• _Problem_
Only one stretch of the listing below is wanted. Give it again exactly, from the line with "Pflanzen für dich" through the line with "VEJA VÍDEO: Homem".

******************************

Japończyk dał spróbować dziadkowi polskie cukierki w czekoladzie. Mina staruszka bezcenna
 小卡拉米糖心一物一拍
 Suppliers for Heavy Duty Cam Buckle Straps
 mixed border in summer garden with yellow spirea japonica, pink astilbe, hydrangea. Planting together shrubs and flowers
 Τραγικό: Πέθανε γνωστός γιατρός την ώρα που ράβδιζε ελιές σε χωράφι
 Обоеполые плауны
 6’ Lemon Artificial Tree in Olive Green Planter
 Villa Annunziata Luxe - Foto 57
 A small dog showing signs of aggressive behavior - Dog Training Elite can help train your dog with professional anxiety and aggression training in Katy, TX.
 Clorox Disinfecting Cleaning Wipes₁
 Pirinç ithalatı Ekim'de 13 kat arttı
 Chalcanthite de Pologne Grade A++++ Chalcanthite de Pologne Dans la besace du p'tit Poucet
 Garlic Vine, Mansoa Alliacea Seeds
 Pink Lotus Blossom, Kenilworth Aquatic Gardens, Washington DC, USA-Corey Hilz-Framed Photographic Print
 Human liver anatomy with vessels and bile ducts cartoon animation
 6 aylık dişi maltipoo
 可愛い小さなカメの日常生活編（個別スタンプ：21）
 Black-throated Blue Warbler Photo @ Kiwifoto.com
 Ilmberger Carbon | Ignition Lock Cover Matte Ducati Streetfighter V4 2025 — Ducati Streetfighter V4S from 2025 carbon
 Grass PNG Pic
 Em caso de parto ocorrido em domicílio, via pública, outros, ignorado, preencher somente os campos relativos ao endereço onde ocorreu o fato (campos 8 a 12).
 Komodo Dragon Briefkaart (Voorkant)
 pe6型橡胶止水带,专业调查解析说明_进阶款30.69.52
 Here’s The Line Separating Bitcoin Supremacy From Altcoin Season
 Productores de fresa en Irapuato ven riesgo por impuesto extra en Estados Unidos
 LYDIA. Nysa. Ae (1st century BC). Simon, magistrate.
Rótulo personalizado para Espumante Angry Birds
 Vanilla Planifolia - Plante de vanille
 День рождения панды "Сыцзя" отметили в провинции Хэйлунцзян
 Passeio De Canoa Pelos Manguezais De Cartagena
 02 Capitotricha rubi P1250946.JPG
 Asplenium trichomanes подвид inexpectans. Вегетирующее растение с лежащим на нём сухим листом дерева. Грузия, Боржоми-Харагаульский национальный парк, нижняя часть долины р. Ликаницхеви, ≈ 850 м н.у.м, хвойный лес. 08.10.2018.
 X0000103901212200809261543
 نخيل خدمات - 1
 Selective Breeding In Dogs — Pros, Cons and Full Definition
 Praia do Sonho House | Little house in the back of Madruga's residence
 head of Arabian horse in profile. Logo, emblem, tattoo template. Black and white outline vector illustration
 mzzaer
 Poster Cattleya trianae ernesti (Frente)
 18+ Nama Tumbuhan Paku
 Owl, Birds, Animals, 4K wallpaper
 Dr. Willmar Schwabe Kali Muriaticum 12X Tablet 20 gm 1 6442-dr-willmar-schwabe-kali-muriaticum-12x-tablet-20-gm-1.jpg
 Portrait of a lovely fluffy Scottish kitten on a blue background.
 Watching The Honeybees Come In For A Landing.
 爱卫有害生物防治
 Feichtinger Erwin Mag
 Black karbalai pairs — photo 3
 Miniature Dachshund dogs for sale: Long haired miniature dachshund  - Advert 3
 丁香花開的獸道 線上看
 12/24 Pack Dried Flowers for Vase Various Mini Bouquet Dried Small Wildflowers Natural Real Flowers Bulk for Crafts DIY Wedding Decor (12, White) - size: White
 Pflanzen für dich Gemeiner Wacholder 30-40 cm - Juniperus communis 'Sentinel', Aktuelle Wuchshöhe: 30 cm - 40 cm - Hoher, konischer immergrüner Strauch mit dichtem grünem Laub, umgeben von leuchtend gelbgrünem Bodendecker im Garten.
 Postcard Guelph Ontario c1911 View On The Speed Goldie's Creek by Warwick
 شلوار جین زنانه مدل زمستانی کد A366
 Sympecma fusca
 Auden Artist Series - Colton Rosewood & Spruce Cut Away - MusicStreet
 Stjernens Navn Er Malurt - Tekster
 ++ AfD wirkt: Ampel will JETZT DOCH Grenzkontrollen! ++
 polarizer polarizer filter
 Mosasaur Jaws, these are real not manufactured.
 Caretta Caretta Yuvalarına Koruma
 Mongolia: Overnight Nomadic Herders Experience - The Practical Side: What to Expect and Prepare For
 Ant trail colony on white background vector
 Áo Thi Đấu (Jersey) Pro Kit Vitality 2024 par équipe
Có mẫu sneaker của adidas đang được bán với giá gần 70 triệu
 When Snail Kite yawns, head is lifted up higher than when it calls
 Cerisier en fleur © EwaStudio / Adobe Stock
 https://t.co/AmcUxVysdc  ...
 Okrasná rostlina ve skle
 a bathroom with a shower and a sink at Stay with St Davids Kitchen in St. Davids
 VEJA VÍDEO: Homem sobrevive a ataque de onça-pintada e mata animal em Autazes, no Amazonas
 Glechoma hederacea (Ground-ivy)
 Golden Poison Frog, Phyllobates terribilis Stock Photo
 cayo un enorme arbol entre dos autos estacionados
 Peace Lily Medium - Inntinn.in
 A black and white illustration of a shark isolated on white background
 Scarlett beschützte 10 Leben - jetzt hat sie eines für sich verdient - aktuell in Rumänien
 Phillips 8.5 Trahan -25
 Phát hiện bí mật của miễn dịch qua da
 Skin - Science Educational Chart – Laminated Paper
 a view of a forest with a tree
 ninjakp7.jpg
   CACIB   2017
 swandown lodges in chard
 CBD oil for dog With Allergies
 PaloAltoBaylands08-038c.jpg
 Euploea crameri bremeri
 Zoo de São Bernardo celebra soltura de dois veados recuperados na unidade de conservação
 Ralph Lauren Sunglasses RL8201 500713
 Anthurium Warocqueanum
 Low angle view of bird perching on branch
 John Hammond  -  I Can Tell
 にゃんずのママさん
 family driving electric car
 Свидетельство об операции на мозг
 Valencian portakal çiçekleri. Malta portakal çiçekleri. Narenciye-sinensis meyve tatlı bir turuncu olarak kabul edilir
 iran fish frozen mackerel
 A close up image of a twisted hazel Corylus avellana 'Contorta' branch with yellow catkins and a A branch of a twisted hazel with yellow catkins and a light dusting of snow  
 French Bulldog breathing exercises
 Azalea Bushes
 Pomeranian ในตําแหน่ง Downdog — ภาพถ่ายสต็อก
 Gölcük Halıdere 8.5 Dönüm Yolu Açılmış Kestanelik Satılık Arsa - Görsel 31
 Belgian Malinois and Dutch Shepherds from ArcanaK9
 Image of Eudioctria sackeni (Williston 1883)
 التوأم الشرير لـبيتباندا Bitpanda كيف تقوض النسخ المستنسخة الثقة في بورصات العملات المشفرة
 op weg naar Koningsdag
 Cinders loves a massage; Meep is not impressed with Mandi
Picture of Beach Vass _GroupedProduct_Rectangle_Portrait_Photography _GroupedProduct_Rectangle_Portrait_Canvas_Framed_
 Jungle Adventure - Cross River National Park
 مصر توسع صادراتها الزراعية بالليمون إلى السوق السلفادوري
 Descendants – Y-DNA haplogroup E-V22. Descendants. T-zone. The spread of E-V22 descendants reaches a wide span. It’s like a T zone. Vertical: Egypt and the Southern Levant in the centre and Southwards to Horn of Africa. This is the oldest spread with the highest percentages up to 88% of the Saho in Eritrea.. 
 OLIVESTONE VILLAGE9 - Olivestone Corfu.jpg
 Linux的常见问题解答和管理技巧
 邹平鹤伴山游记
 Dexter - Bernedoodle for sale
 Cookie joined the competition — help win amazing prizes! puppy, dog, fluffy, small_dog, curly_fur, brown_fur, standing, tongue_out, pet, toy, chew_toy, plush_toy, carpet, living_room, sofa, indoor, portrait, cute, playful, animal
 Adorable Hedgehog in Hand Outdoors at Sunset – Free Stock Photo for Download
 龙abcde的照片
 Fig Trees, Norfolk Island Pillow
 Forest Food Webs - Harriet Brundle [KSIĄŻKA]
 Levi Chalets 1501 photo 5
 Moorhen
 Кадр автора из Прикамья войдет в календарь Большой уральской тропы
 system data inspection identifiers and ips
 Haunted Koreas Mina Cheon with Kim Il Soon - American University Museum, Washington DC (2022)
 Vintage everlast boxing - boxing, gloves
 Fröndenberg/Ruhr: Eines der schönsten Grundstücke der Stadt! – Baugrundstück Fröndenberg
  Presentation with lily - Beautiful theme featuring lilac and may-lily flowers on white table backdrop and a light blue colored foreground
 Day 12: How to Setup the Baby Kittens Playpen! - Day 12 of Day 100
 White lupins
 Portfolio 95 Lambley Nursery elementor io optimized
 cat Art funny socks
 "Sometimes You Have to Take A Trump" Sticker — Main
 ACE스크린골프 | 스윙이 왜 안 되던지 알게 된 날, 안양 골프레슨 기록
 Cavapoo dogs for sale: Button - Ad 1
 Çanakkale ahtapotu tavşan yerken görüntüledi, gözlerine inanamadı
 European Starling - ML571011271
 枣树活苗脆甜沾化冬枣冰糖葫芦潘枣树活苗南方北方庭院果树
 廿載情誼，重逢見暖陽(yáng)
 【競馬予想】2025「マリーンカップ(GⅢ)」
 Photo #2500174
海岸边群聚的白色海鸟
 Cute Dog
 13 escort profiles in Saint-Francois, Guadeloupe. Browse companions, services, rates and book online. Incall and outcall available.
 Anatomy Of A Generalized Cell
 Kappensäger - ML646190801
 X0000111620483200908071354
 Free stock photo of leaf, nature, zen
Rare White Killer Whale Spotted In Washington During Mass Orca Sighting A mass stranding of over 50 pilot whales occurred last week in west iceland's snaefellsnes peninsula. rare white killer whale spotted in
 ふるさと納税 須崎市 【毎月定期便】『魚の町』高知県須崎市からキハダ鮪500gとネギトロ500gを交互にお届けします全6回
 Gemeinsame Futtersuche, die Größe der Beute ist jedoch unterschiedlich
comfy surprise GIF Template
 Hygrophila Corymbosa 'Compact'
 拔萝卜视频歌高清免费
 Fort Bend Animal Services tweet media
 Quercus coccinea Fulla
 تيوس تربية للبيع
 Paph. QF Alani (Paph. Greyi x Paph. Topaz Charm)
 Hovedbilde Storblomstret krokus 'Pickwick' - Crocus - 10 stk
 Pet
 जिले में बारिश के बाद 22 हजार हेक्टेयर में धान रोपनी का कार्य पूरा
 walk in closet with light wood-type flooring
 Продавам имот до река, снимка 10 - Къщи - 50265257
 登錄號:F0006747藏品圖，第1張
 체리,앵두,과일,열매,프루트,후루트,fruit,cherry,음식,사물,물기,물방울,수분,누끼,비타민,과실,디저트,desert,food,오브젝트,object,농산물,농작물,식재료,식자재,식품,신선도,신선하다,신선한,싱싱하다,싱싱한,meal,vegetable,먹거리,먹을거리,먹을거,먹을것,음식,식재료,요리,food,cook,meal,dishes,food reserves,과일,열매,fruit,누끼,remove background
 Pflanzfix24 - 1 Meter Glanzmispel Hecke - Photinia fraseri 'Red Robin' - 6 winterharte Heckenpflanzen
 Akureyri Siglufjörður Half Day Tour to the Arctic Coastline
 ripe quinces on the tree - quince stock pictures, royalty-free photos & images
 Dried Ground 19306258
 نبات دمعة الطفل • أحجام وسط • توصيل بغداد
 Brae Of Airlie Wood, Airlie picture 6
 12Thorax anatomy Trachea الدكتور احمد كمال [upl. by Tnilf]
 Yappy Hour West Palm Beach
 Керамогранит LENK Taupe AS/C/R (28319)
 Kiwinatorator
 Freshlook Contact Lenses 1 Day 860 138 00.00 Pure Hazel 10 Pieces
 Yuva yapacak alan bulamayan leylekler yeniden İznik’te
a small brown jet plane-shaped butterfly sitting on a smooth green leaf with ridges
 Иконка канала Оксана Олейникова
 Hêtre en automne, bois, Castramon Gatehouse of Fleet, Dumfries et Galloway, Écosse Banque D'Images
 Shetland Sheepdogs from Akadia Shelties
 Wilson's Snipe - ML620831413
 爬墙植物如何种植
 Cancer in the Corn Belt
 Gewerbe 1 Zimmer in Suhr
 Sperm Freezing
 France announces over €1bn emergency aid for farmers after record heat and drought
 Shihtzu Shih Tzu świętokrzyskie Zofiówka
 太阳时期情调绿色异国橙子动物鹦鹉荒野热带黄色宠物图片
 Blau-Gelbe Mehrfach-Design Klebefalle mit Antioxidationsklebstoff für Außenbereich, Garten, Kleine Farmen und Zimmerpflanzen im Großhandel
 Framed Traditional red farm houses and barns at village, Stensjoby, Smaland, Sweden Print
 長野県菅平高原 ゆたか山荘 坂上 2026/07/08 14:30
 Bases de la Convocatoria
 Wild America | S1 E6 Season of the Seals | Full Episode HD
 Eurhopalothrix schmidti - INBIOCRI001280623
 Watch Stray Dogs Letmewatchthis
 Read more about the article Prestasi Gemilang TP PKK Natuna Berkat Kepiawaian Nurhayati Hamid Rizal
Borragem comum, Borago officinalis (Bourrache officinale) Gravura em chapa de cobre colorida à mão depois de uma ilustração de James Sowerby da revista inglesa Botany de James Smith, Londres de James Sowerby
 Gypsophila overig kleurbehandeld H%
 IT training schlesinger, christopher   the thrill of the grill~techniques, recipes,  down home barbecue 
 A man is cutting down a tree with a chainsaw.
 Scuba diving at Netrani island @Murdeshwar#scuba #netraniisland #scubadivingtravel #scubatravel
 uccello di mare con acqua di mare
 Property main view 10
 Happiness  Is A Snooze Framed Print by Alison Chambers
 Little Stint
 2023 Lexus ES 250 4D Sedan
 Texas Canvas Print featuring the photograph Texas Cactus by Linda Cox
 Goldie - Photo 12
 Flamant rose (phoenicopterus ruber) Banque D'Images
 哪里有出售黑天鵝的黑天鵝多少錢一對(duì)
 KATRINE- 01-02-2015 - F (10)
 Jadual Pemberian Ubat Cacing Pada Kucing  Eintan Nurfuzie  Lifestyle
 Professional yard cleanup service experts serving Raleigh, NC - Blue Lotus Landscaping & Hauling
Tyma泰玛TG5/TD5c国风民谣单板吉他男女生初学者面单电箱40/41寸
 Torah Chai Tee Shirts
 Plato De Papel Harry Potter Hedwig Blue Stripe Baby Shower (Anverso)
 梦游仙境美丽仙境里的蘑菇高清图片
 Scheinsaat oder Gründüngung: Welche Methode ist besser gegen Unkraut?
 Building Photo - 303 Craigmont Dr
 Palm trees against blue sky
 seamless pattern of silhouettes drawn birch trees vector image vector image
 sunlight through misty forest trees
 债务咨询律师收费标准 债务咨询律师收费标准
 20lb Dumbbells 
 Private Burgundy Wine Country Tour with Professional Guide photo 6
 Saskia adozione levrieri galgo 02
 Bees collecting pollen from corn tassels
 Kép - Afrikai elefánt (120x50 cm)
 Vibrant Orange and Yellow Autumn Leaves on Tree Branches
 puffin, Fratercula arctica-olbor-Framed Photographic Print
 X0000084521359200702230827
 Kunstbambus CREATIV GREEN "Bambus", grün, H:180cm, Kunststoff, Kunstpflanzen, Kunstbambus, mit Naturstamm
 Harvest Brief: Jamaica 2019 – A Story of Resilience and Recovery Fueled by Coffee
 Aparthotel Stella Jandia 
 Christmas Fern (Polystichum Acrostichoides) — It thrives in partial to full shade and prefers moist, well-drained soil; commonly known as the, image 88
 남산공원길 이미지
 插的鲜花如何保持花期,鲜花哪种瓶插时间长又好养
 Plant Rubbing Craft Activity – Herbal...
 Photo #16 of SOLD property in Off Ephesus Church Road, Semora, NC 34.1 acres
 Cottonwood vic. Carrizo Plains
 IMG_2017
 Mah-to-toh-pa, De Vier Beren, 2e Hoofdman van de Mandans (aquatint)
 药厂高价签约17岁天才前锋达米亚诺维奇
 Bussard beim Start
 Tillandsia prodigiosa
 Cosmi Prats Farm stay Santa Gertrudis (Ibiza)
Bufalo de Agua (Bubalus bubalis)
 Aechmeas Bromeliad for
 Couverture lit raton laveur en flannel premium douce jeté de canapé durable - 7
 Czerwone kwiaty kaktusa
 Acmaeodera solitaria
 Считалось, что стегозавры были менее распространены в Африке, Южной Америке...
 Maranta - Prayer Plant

******************************

• _Solution to the exercise_
 Pflanzen für dich Gemeiner Wacholder 30-40 cm - Juniperus communis 'Sentinel', Aktuelle Wuchshöhe: 30 cm - 40 cm - Hoher, konischer immergrüner Strauch mit dichtem grünem Laub, umgeben von leuchtend gelbgrünem Bodendecker im Garten.
 Postcard Guelph Ontario c1911 View On The Speed Goldie's Creek by Warwick
 شلوار جین زنانه مدل زمستانی کد A366
 Sympecma fusca
 Auden Artist Series - Colton Rosewood & Spruce Cut Away - MusicStreet
 Stjernens Navn Er Malurt - Tekster
 ++ AfD wirkt: Ampel will JETZT DOCH Grenzkontrollen! ++
 polarizer polarizer filter
 Mosasaur Jaws, these are real not manufactured.
 Caretta Caretta Yuvalarına Koruma
 Mongolia: Overnight Nomadic Herders Experience - The Practical Side: What to Expect and Prepare For
 Ant trail colony on white background vector
 Áo Thi Đấu (Jersey) Pro Kit Vitality 2024 par équipe
Có mẫu sneaker của adidas đang được bán với giá gần 70 triệu
 When Snail Kite yawns, head is lifted up higher than when it calls
 Cerisier en fleur © EwaStudio / Adobe Stock
 https://t.co/AmcUxVysdc  ...
 Okrasná rostlina ve skle
 a bathroom with a shower and a sink at Stay with St Davids Kitchen in St. Davids
 VEJA VÍDEO: Homem sobrevive a ataque de onça-pintada e mata animal em Autazes, no Amazonas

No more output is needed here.